Patrick Premont premont@IRO.UMontreal.CA
Wed, 19 Jul 1995 02:30:57 -0400 (EDT)


> 
> Patrick wrote:
> >>> I don't think we need to specify a standard LLL for TUNES.
> 
> Andrew replied:
> >> In the short term, I agree with you.
> 
>    If we agree to say the LLL is implementation dependent, and consider the
> one initial implementation we're proposing, it makes sense to specify it,
> doesn't it ?

Yes. But it has to be usefull. I think we should discuss what is the LLL
(what features it has and doesn't have) and why we need it.
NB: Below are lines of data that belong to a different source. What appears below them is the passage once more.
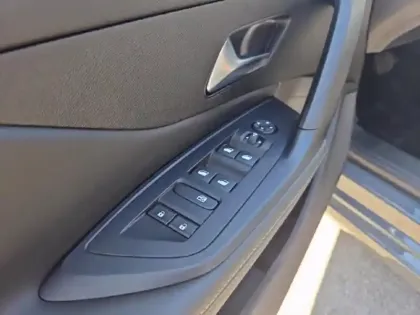 Photo 11 Peugeot 308 Gén. III Ph1 Allure 5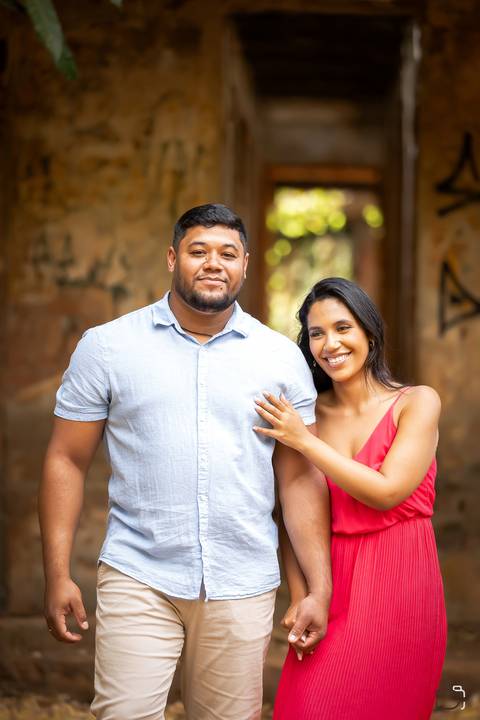 pre-wedding-ensaio-fotos-fotografias-casar-casal-noiva-noivo-daniel-custodio-uberlandia-make-off-madrinha-padrinho-igreja-chacara-buque-araxa-por-do-sol-fotografias-buffet-banda-dj-amor-love-maquiagem-buffet-salão-de-festa-minas-gerias-brasil-pista-terno'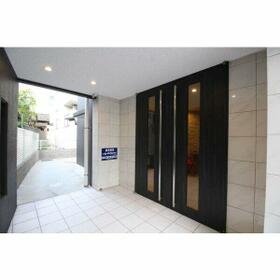 15/16 エントランス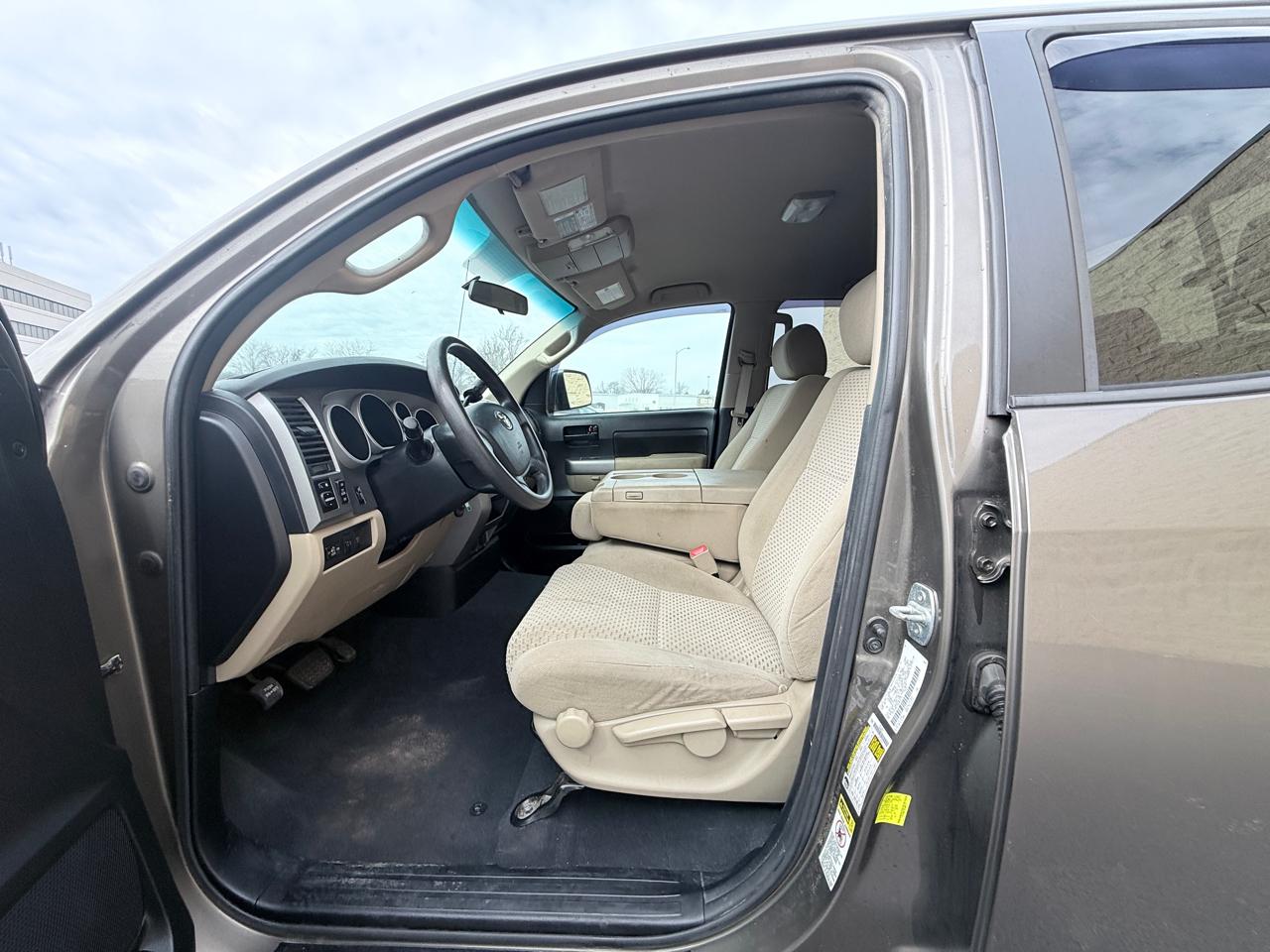 Toyota Tundra Tundra-Grade Double Cab 4.6L 4WD 2013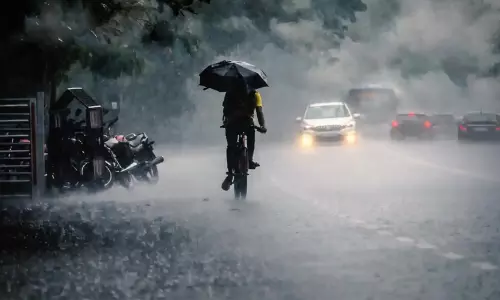 സംസ്ഥാനത്ത് ഇന്നും മഴ; 12 ജില്ലകളിൽ യെല്ലോ അലർട്ട്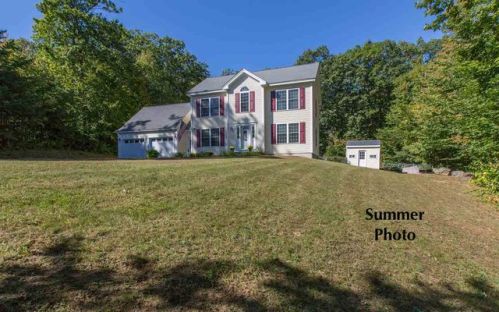 8 Keneval Ave, Boscawen, NH 03303 exterior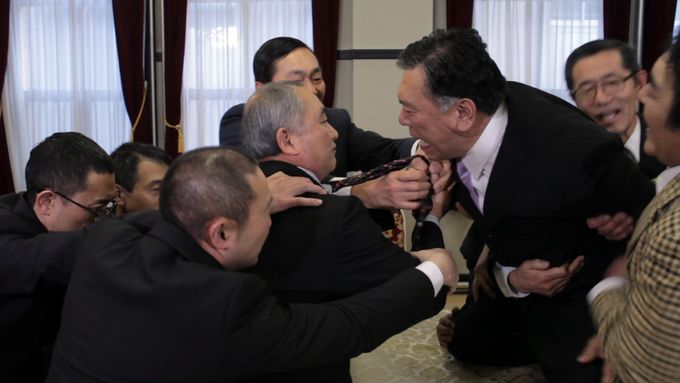 ネクタイを締めた百姓一揆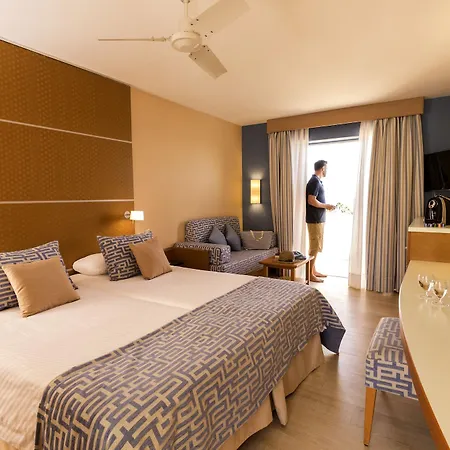 Resort Robinson Esquinzo Playa 4*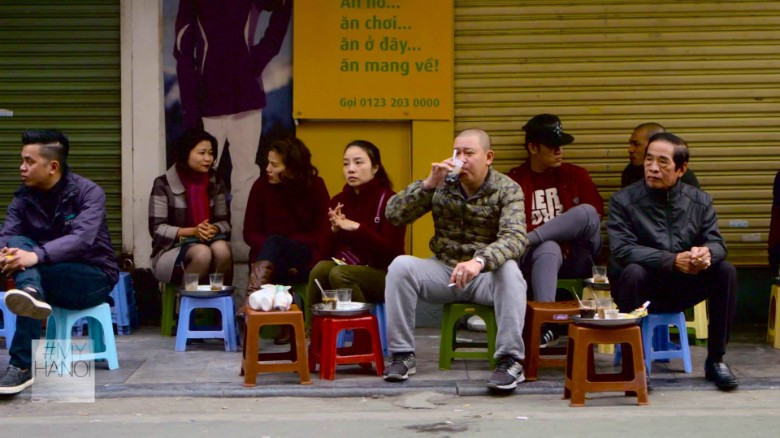 Anh chia sẻ: 'Tôi mua chiếc máy ảnh đầu tiên vào năm 2008. Lúc đầu tôi chỉ chụp ảnh cho bạn bè lúc rảnh, nhưng sau đó, tôi cảm mến cảnh Hà Nội, đặc biệt là những di tích lịch sử.' (Nguồn: CNN)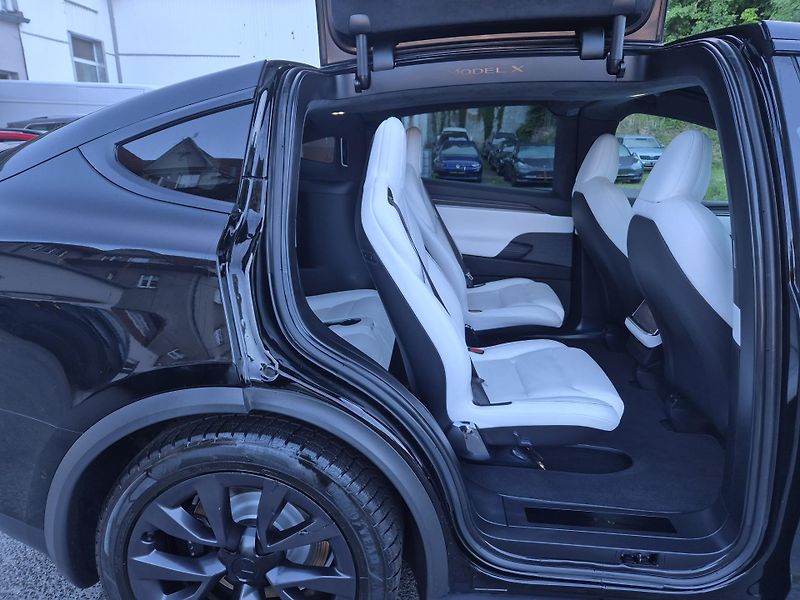 Tesla Model X 100kwH PLAID 750kw TZ - fotka 15 z 48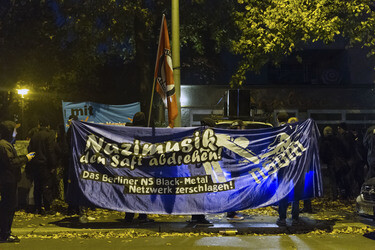 Kundgebung gegen Naziversand, Berlin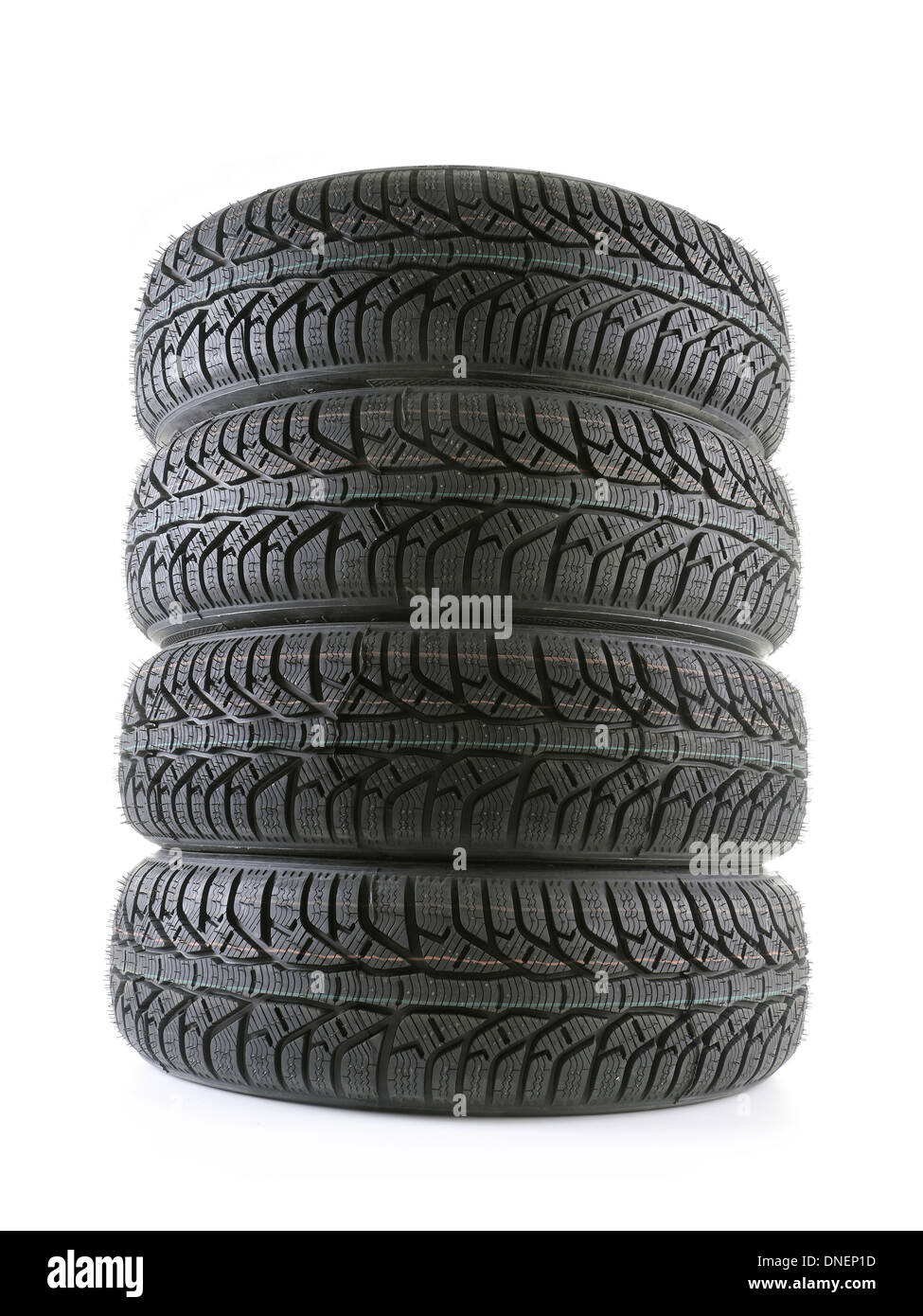 Montón de cuatro neumáticos de invierno filmada en blanco Foto de stock
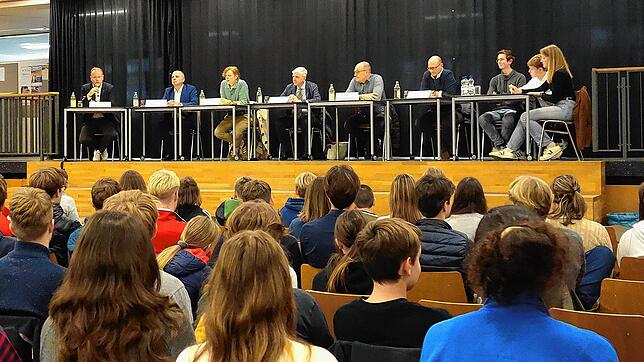 Jan Zeitler, Martin Hahn, Dennis Michels, Olaf Wübbe, Thomas Hildebrandt und Felix Strenger stellten sich auf dem Podium den Fragen von ...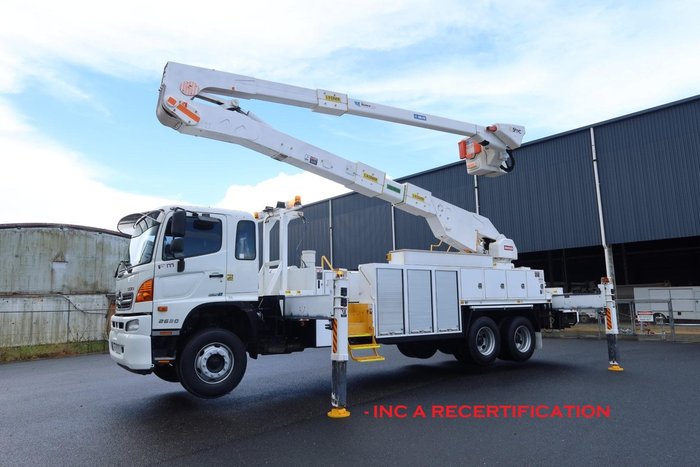 2014 Hino 500 Series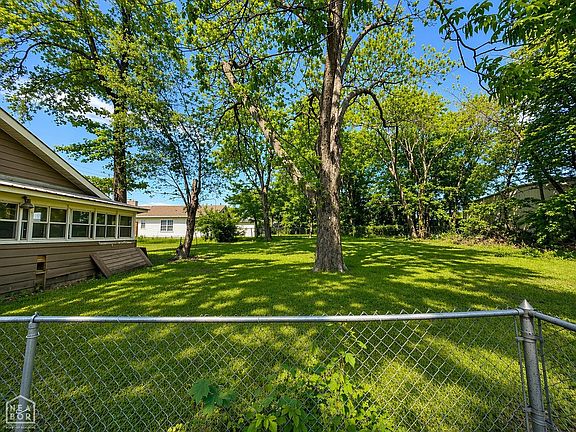 3rd image of 1306 Aggie Rd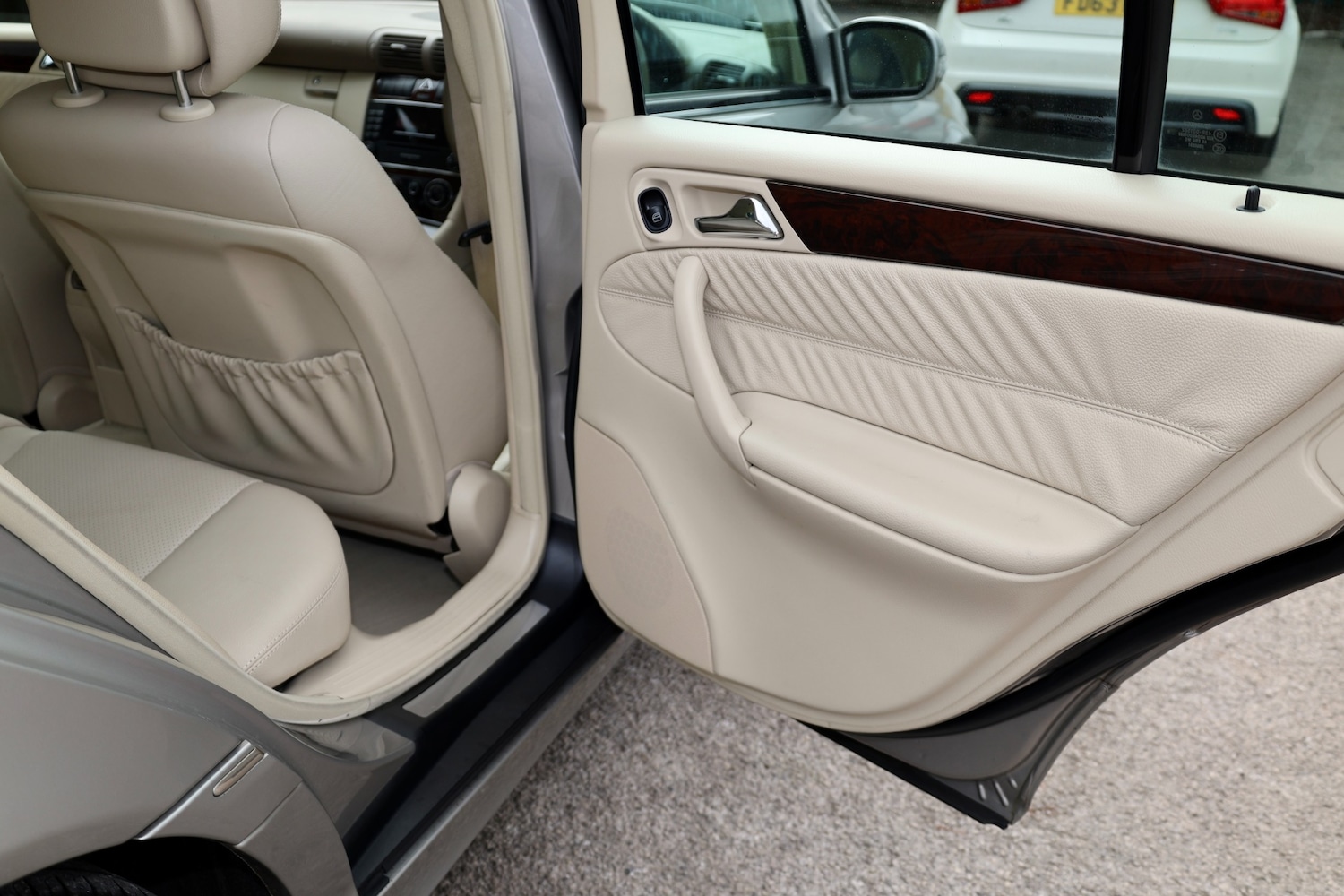 Used Mercedes-Benz C Class 2006 for sale - 77107393: Photo 11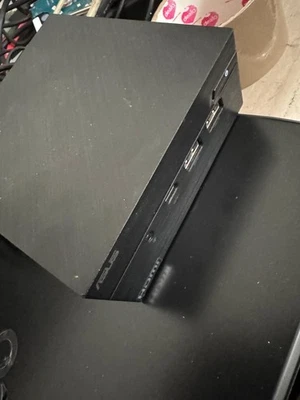 Asus Pn40 Mini Pc piccolissimo incluso alimentatore e sd 64gb - Immagine 1 di 4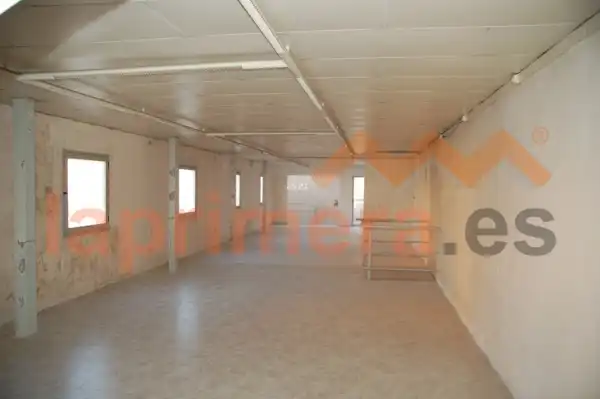 Local comercial de lloguer a Alaquàs, imagen 2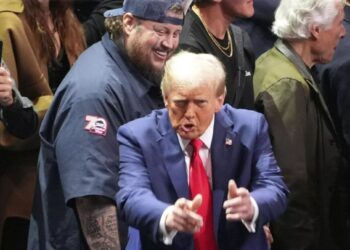 EVITAR TERCERA GUERRA MUNDIAL Trump pide diálogo con Putin y Zelenski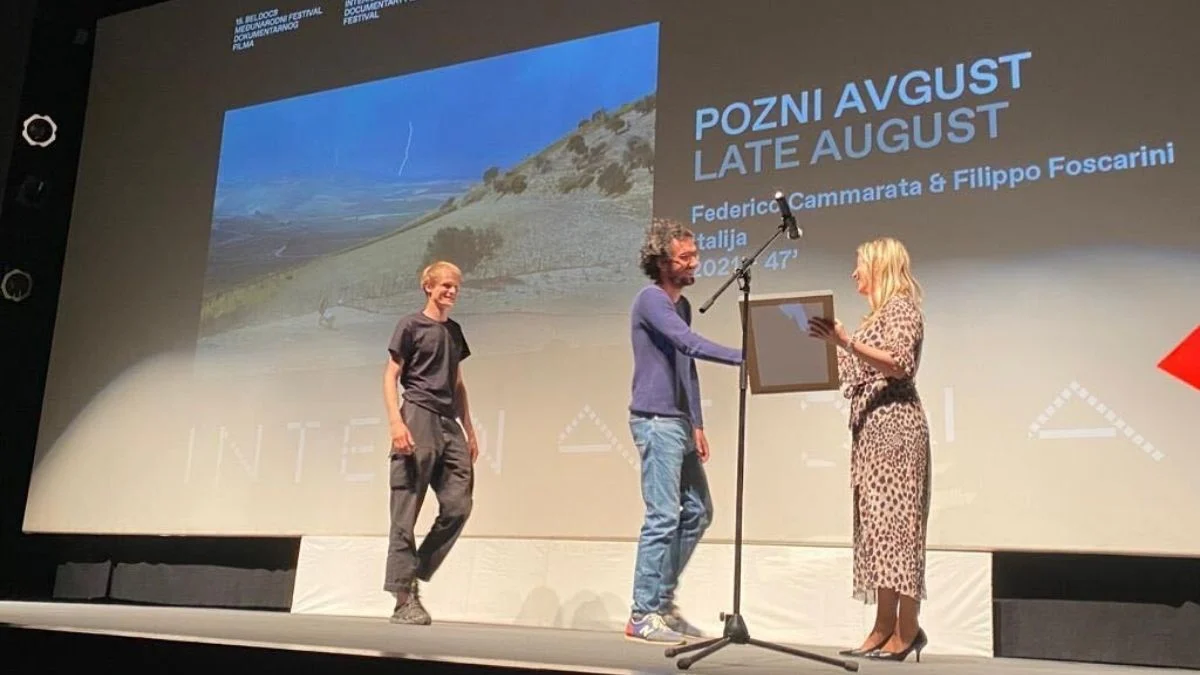 Na međunarodnom festivalu dokumentarnog filma Beldocs  najbolji međunarodni film je Pozni Avgust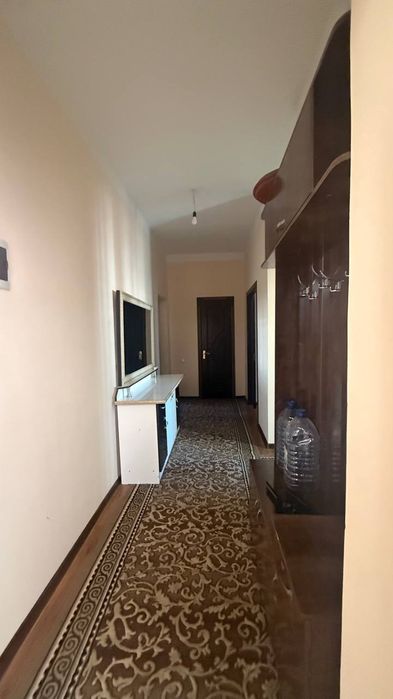 Sayrob oshxonasi yoni 3 etaj 2 hona barcha sharoitlari mavjud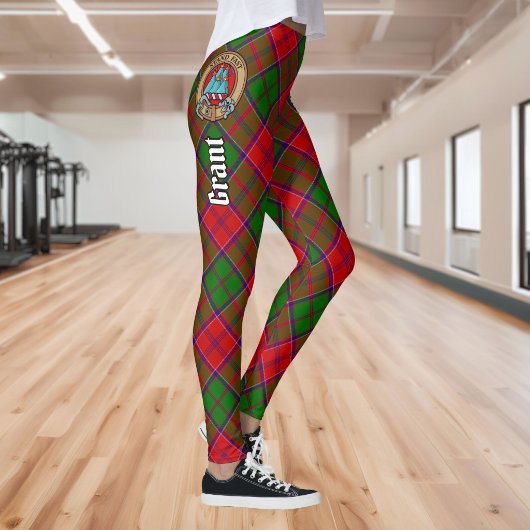 Clan Grant Wapen over Tartan Leggings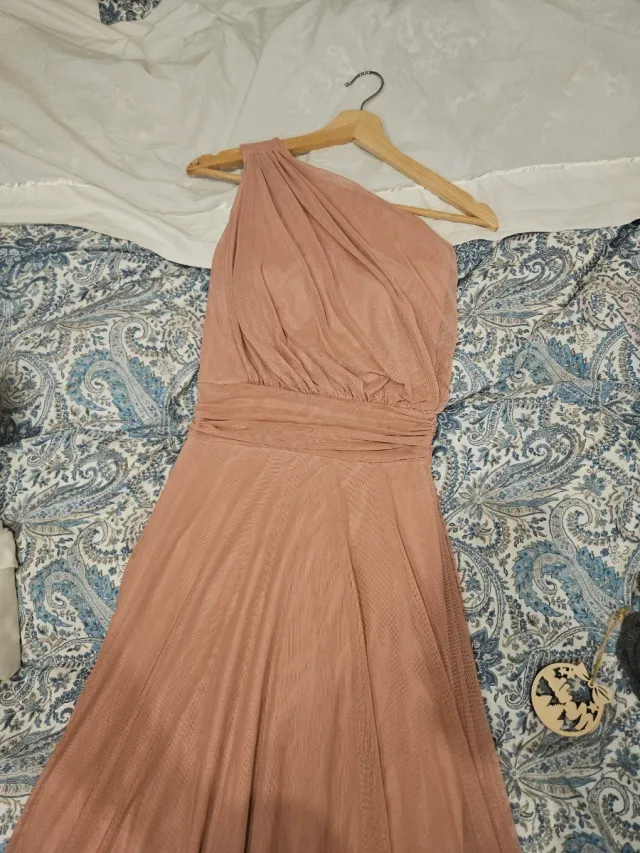 Vestido de fiesta rosa asimétrico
> >> As a long-term goal, however, I
> >> disagree.  The issue here is not platform independence, but source
> >> language independence.
>    Language independence can be done in many ways at many levels. A standard
> LLL is a good way to provide both language and platform independence, as
> a standard intermediate language.

Why do we need language independence at that level and a _standard_
intermediate language ? You say below that language independence would
be acheived through the HLL.

>    Another way to provide language-independence is to do it at a very high
> level (see CORBA and ILU): we provide a way to have high-level programs
> communicate in a high-level way. As for the TUNES HLL, my goal has always
> been to do that through HLL self-extensibility (the HLL can specialize into
> any language you want), and meta-translation (provide tools to translate
> languages one into another, or both into a common target, so they can
> communicate). So the HLL is not limiting and constraining, but freeing.

> 
> Patrick answered:
> > So you see the LLL as a target language for the HLL compiler and all
> > other languages who wish to interact with Tunes. I don't think that's
> > a very good move because that means we restrict Tunes "system"
> > services (the services which other languages might need) to a low
> > level of abstraction (don't we agree that this is bad for Tunes ? We'd
> > end up with a LL OS and a HL language just like conventional systems).
>    No, TUNES will have no "system services", but will provide a frame
> for software modules to specify, define, provide and require services.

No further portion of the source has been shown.